Posted: Mon Aug 29, 2016 9:10 pm
by Russ
Tax dragon the egg recipe is over in the beef section I think ??

They are good!!!

Russ

Re: Pork belly

Posted: Tue Aug 30, 2016 7:05 am
by Finatic
That's good medicine right there! :salut:

Re: Pork belly

Posted: Wed Mar 04, 2020 10:24 am
by Thomasd61
woodenvisions wrote:I may be alone here, but I prefer grilling/smoking in the winter and our winters are pretty unforgiving.
Seems like low temps are easier to control when I smoke, almost as if the hot temps and Sun help the temps creep up.
So to answer your question, I grab a hat, jacket, hot coffee rachat de credit bancaire ( or cold beer :) :) :) ) and smoke the neighbors out like a bug bomb lol..

You're right, but smoking too can put you to sleep sometimes.

Re: Pork belly

Posted: Wed Apr 22, 2020 1:30 pm
by Norway Joe
I browsed this forum for new recipes or ideas and found this thread. I know this is an old thread but pork belly is a traditional dish here and standard on most tables during Christmas.

We do it is as follows:

Cut through the skin and a little down in the fat. Make a square pattern in the skin. Rub with salt and pepper. Let rest in the fridge for 3 days.

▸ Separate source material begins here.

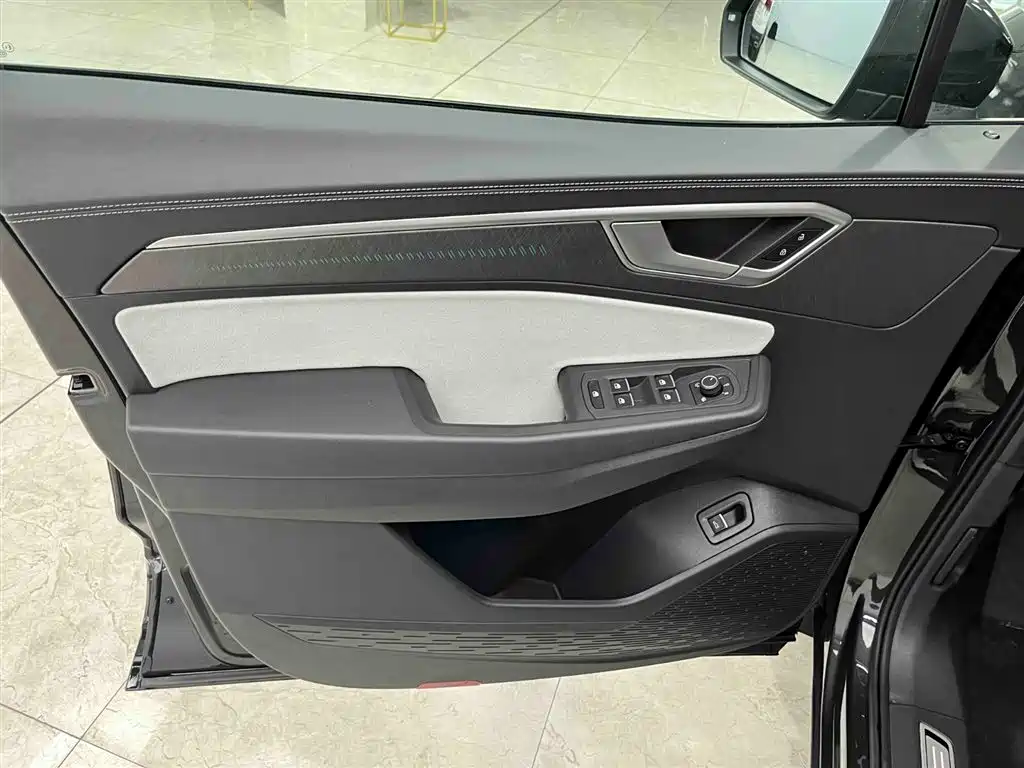 Volkswagen Landscape 2026 450TSI AWD Flagship 6-seater 2025 - thumbnail 10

Put the belly in a pan, skin side up. Put a small dish or some crushed aluminum foil under the center of the belly so it is a little higher in the middle. This is to have the melted fat slide away. Pour a cup of water in the pan and cover with foil.

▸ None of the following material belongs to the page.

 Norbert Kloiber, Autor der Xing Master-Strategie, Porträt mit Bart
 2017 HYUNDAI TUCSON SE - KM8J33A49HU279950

Heat oven to 446 f and steam for 45-60 minutes. The skin will expand and the cracks between the squares will expand.

Take out the pan and reduce oven heat to 392 f. Remove foil and insert the pan in the oven. Let cook for 1 - 1.5 hours. Time is the same no matter how big the belly is. It's because thickness is usually the same.
If after 1.5 hour the skin is not crisp, increase temp to 446 again or use the grill element in the oven. You need to watch continuously so you don't burn the skin.

Let it rest for 20 minutes.

Here's a video of the procedure;

https://youtu.be/Fi-chH3r8ZQ

It should look like the picture below.Image

Sent fra min SM-N950F via Tapatalk

Re: Pork belly

Posted: Wed Apr 22, 2020 6:50 pm
by Russ
That's what I'm talking about. I've got another piece in the freezer. I'm doing this again real,soon.